The reality of this illness has been intentionally complicated over the years – for example, Warren Ellis’ run depicted Marc’s ailment of different personalities as the result of brain damage due to Khonshu’s brain chemistry alterations.

However, one of the most influential runs for the MCU’s incarnation appears to be Jeff Lemire’s Moon Knight Volume 8. Lemire revised Marc’s history to reflect a life-long struggle with DID from childhood, with Steven Grant the first identity to emerge during this time. The show’s initial focus and centring on Steven seem to imply that Lemire’s run will have a greater influence on the show as it develops.

Who is Arthur Harrow in Marvel Comics?

Ethan Hawke as Arthur Harrow in Marvel's Moon Knight
Ethan Hawke as Arthur Harrow in Marvel's Moon Knight Disney Plus/Marvel Studios

Another addition from Zelenetz and Warner’s run is the first and only appearance of Ethan Hawke’s sinister minister Arthur Harrow.

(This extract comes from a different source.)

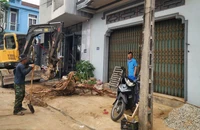 Huế: Cây xanh kém phát triển, sâu đục bị đốn hạ, bật gốc để chỉnh trang đô thị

His comic-book counterpart is a Nobel Prize-nominated scientist who researches pain theory; Harrow’s glass penance in the show could be referencing the character’s origins, but aside from that, Hawke’s Harrow and his comic-book version are like night and day.

Still, there might be a reason for this. Show-Harrow's cult-like following and dedication to Ammit appear to be a potential amalgamation of Harrow and another well-known Moon Knight villain: the Sun King.

The Sun King has been rumoured as the ‘true’ identity of Hawke’s villainous figure, and there are elements of the character that align with Harrow’s reinterpretation – both become avatars for Egyptian gods and amass followers to do their bidding. While it appears Harrow is who he says he is now, it’s entirely possible if it’s a ruse, we may discover our true villain down the line.

Who is 'Duchamp' in Marc Spector's phone contacts?

Oscar Isaac as Steven Grant in Marvel Studios' MOON KNIGHT sat on his mobile phone
A familiar name crops up on the phone Steven Grant/Marc Spector (Oscar Isaac) in Marvel Studios' MOON KNIGHT Photo courtesy of Marvel Studios.

This first episode is very much planting the seeds for greater reveals down the line, and one of these is a blink-and-you’ll-miss-it hint at the appearance of a classic Moon Knight character. When Steven discovers Marc’s hidden burner, whilst flicking through his recent calls, there’s one to a 'Duchamp'. ‘Duchamp’ is better known as Jean-Paul “Frenchie” Duchamp in the comics, Marc’s close friend and often a sidekick throughout the Moon Knight series.

Frenchie is a fellow mercenary and old comrade of Marc's and is also one of Marvel's LGBTQ+ characters and is bisexual.

Given Frenchie’s name-drop, it also seems likely that we will also see Raul Bushman in some capacity down the line – Bushman is integral to the origin of Marc and Khonshu’s relationship, and is one of the most prolific Moon Knight villains. It feels inevitable that we’ll get more on the history between Bushman and Spector as the series progresses.

During the production of Moon Knight, rumours swirled that we may see a potential Werewolf-By-Night cameo. This is due to the fact that Moon Knight’s comic debut actually came in Werewolf by Night #32, where he attempted to take down the lycanthropic figure, making a possible Jack Russell appearance not out of the realm of possibility, especially as Marvel is set to introduce the character in his own special later this year.

However, as it turns out, that possible werewolf sighting in the trailer was actually the jackal that Harrow sets upon Steven in the episode’s closing moments. Perhaps we'll instead see their confrontation leap onto our screens this Halloween.